Interessante o nosso país. Homens públicos em países democráticos normalmente são motivo de reconhecimento. Juízes suecos passeiam de bicicleta ou caminham em paz pelas ruas. Aqui, ministros do STF são achincalhados. Mesmo em terras estrangeiras grupos organizados não poupam magistrados de agressões verbais.
Judiciário e juízes deveriam significar Instituição (Poder) e cidadãos respeitáveis. Afinal, como viver a democracia quando não se acredita nos seus homens e nas suas organizações? Com função pública, o agente público não pode ser público sob risco de ser escrachado por onde passe. E como agentes públicos corporificam o Estado, uma imagem negativa de seus funcionários desqualifica e despotencializa o aparato público. A ideia de Justiça é diluída nos achaques cotidianos contra o Poder Judiciário. Aliás, contra os três Poderes. Espera-se dessa deslegitimação um efeito inverso na pirâmide judicial. Não é desproposital a hipótese de constrangimentos públicos para juízes de todas as instâncias. O efeito dominó também poderá atingir políticos e profissionais do direito em geral.
É certo que o famoso seminário em Nova York (novembro de 2022), tendo sete ministros do STF como convidados, parece de fato algo bizarro, pra dizer o mínimo, mas a crítica mais radical à “promiscuidade” do encontro tem lá seus acertos, exageros e erros. Um dos erros é alimentar, no imediato das eleições tensionadas em polarização d’antes desconhecida em nossa história, ressentimentos e desprezo pelo STF. Quem não conhece Conrado Hubner Mendes poderia considerá-lo um jurista bolsonarista. Afinal, neste momento da nossa história o que mais a ultradireita quer, e certa esquerda “revolucionária” quase extinta, é a confirmação histórica, nas várias ordens privadas, da perversidade da democracia liberal.
Daí a ocorrência de um estranho privado, ou vontade particular, que invade e se faz público, um público quase fora da sanção legal, afinal, parece incorporar um avesso direito achado nas ruas nas revoltas dos que perderam as eleições e elegem Alexandre de Moraes e seus pares na Corte Maior, para alimentar uma narrativa em defesa da liberdade contra a fraude eleitoral, uma mentira a mais em tempos de regressão cognitiva.
Ressentimentos e ódios podem extrapolar a esfera particular pela via de robôs em programações algoritimicas de desinformação e indução de comportamentos, invasão de espaços públicos.
Derrotados nas eleições tomam para si as bandeiras contra o que consideram a ordem hoje e fazem movimentos sociais. Chegando nas avenidas, rodovias, praças, quartéis (financiados por empresários birutas), enfim, a espaços públicos, para confrontar juízes ou mesmo políticos de campos políticos adversos. Essa passagem da política para fora de sua linguagem habitual, já extremamente porosa, constituindo a ação política direta, hidratada com divergência zero e muita intolerância.

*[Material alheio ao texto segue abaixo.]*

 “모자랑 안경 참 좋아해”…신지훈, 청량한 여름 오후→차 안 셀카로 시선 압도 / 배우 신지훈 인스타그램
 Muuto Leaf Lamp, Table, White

O esgarçamento do mínimo ético na política dá-se por força do tempo no qual o falso torna-se, por repetição, verdade absoluta. Paralelamente a esse processo de fascização pela via dos recursos digitais, a sociedade civil organizada se movimenta, armada. Milícias, polícias e mesmo o narcotráfico cevados no laboratório do Rio de Janeiro, principalmente, é estruturado como forças em defesa da Pátria, da Família, da Propriedade. Um filme muito velho. Hitler e Mussolini colheram o que plantaram…Retorno à doentia relação público privado em tempos malvados.

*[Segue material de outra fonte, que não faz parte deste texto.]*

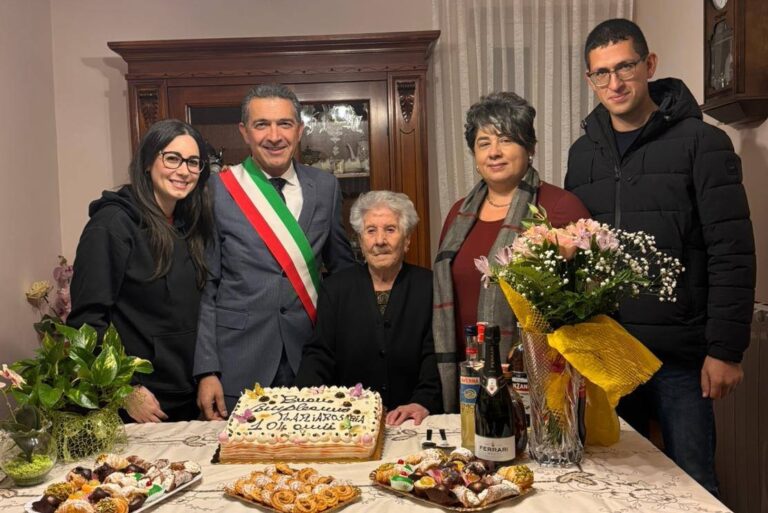Geraci Siculo in festa: Rosaria Macaluso compie 104 anni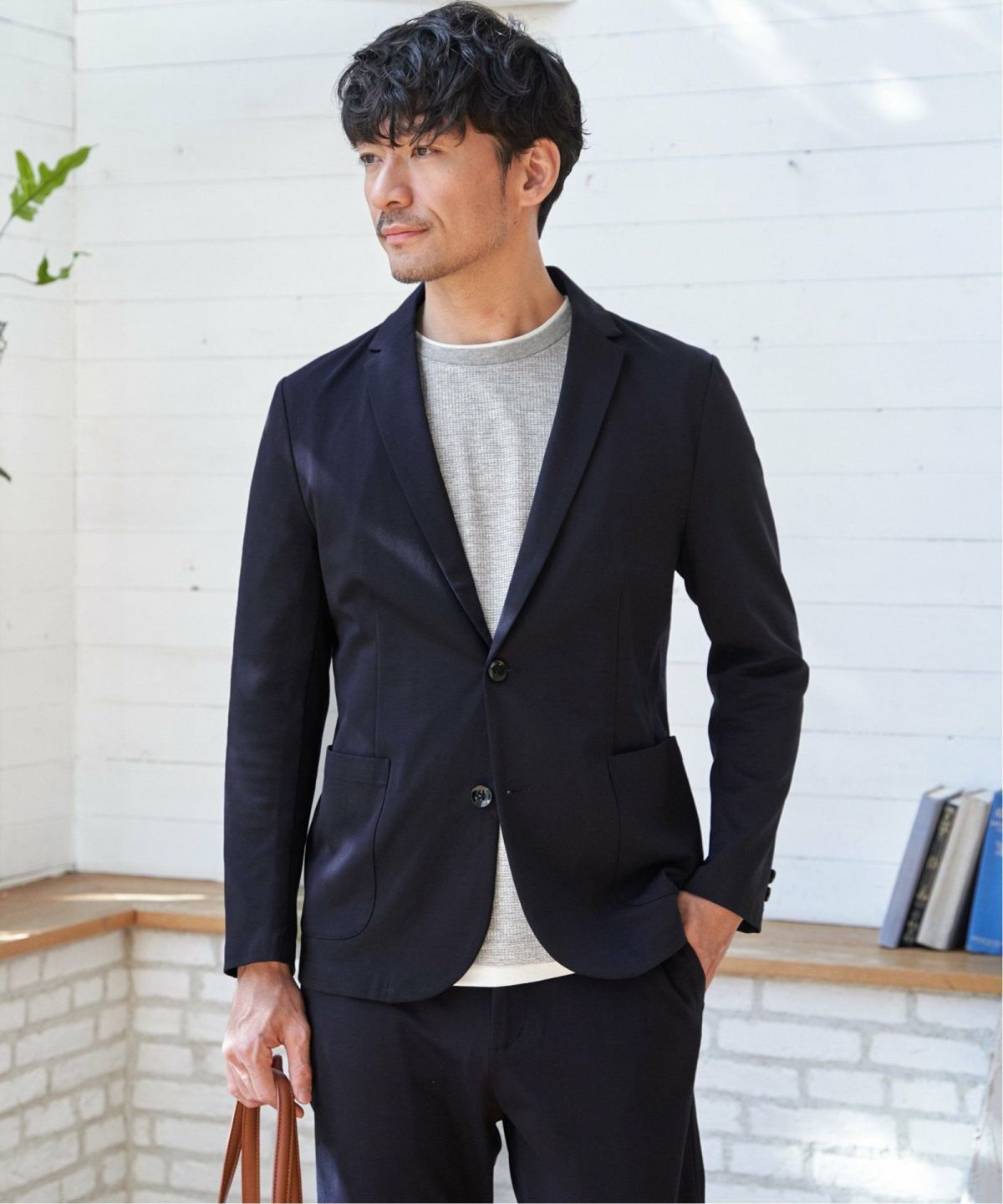 ネイビーブルー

“Quando tudo é privatizado você é privado de tudo”, dizia um escrito numa rua de São Paulo. Em curso a privatização de corações e mentes. A consequência maior podia ser a continuidade de um projeto: a de sermos privamos das emoções da fraternidade e do amor, substituídas por seus contrários.
Felizmente, pelo voto, prevaleceu a civilização. As forças da barbárie, contudo, permanecem vivas e com crescimento exponencial.